Classifications based on multiple HPPT results are generally highly reproducible, both for hazard classification and sub-categorization. Where inconsistencies are observed, generally the test data have quality issues or the respective substances are borderline cases, with a potency near the cut-off between GHS 1A and 1B, or sensitization occurring only at very high test concentrations/DSA values. Some examples from the OECD DA reference data set are discussed in more detail in OECD (2021b).

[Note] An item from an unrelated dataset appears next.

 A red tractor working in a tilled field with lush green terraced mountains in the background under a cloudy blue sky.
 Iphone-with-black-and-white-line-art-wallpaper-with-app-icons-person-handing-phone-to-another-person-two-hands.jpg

Finally, we were able to show that classification outcomes based on HPPT data can be successfully combined with other in vivo skin sensitization data, such as from the LLNA, in an overall WoE assessment. In fact, for the substances from the OECD DA reference dataset, HPPT data often complemented the LLNA data set by providing classification outcomes where no LLNA was available. Where HPPT and LLNA data disagreed, a consensus/WoE classification outcome could be established in all cases, following a simple decision logic mimicking the considerations a risk assessor might apply when performing a WoE assessment of such data. Notably, in some of these cases, the overall WoE outcome was determined by the HPPT-based classification, while in others, the LLNA-based classification was considered more robust and therefore taken as the overall classification outcome.

Our work has demonstrated that there is potential for improving the current criteria for using HPPT data for classification under the GHS, in particular with a view to better reflecting potency. As a follow-up activity to this work, we therefore suggest that the findings presented here are further discussed at the UN level with a view to updating the respective GHS text on HPPT-based classification.